MN : J’ai été très intéressé par la réaction des gens à ce sujet. Cela démontre le danger actuel, inhérent à un communautarisme exacerbé et dans lequel il n’y a plus de valeurs ni de repères. Les défenseurs des droits de l’homme noir ont dénoncé cette exposition en l’assimilant à l’ignominie d’un zoo humain sans en interpréter le sens critique. Les mouvements pro black étaient légitimes en prônant la perte de l’histoire de l’individu noir, cette dernière étant personnifiée par l’homme blanc, mais dans le cas présent, il s’agit ni plus ni moins de censure. Le rappeur D’ de Kabal a d’ailleurs réagi d’une manière intéressante à ce sujet, en faisant valoir que la censure de l’art est une porte ouverte vers toutes les ignominies. Je n’ai même pas envie, à ce titre, d’interdire la parole d’un individu comme Dieudonné. La polémique autour de cette exposition nous a d’ailleurs empêché de jouer Debout Dans Les Cordages au 104, sous couvert et je n’ose l’espérer, que nous soyons des blancs qui évoquions un pamphlet de la condition noire.

Pensez-vous, à la vue de cette polémique, que les gens sont prêts à être ébranlés intellectuellement par l’art ?
MN :
Les gens consomment ce qu’on leur donne. Je n’ai pas envie de penser qu’ils sont des moutons. Ils ne mangent pas de la merde par choix. La pauvreté culturelle d’une personne n’est pas due à sa seule volonté. Les grands médias, maisons de disques et de production ont une responsabilité importante dans l’éducation culturelle.
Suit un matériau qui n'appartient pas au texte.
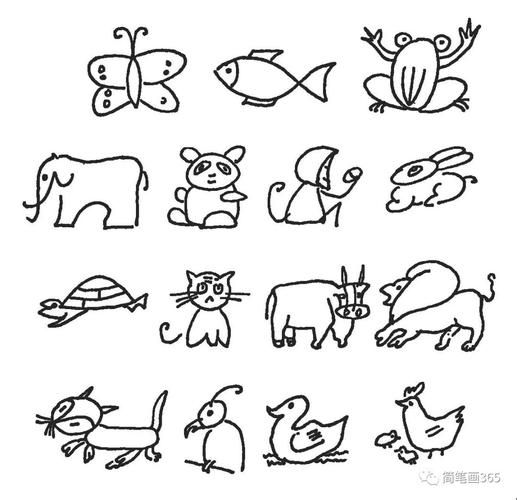 线条边框简笔画图片大全动物简笔画动物儿童简笔画大全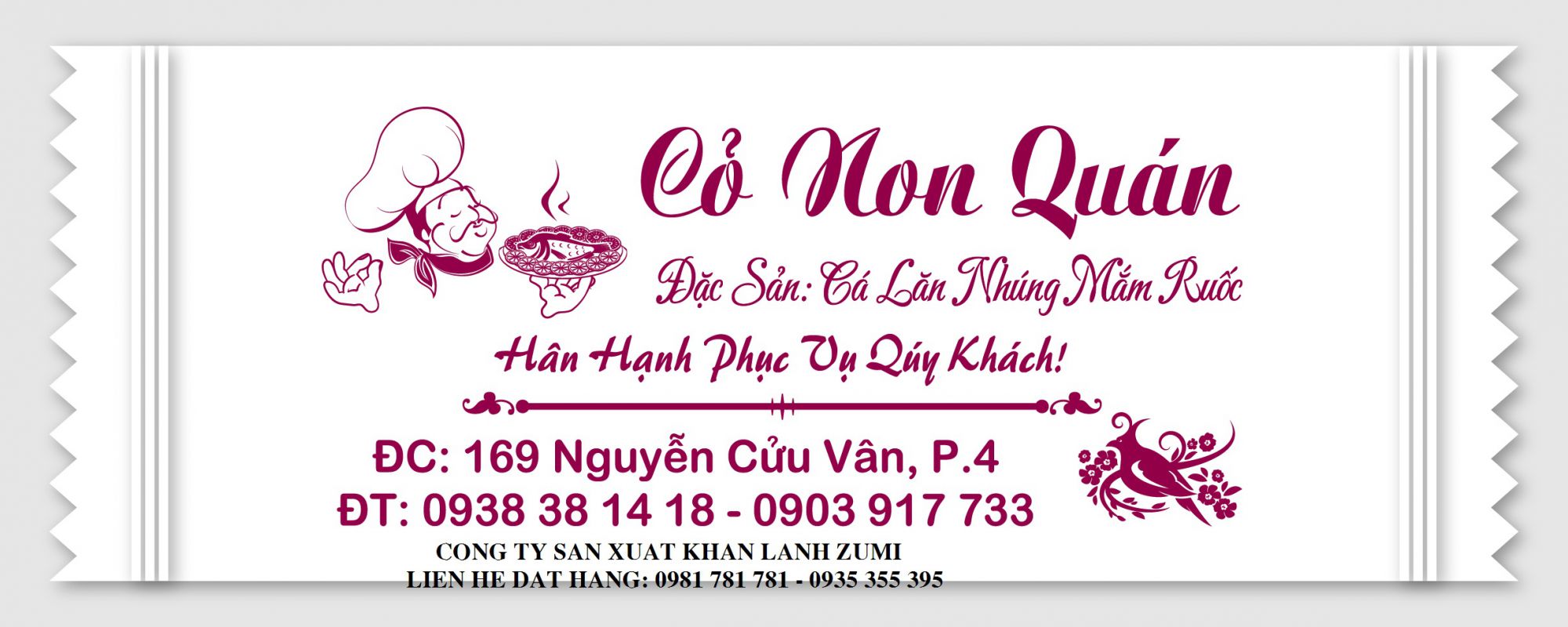 in khăn lạnh củ chi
D’autant plus qu’il faut pouvoir prendre du recul pour se cultiver, mais le rythme de notre société ne le permet pas, la priorité du frigo encore moins…

Texte : Julien Naït-Bouda
www.bmk-agency.com/artistes/debout-les-cordages

> Présentation à Paris le 4 février 2015 à 20h, à La Scène du Canal – Espace Jemmapes
> Serge Teyssot-Gay sort en mars 2015 l’album “Trans 2 », en collaboration avec Joëlle Léandre, sur le label Intervalle Triton.
> Mark Nemmour, dit La Canaille, a fait paraître son troisième album “La nausée”, en 2014.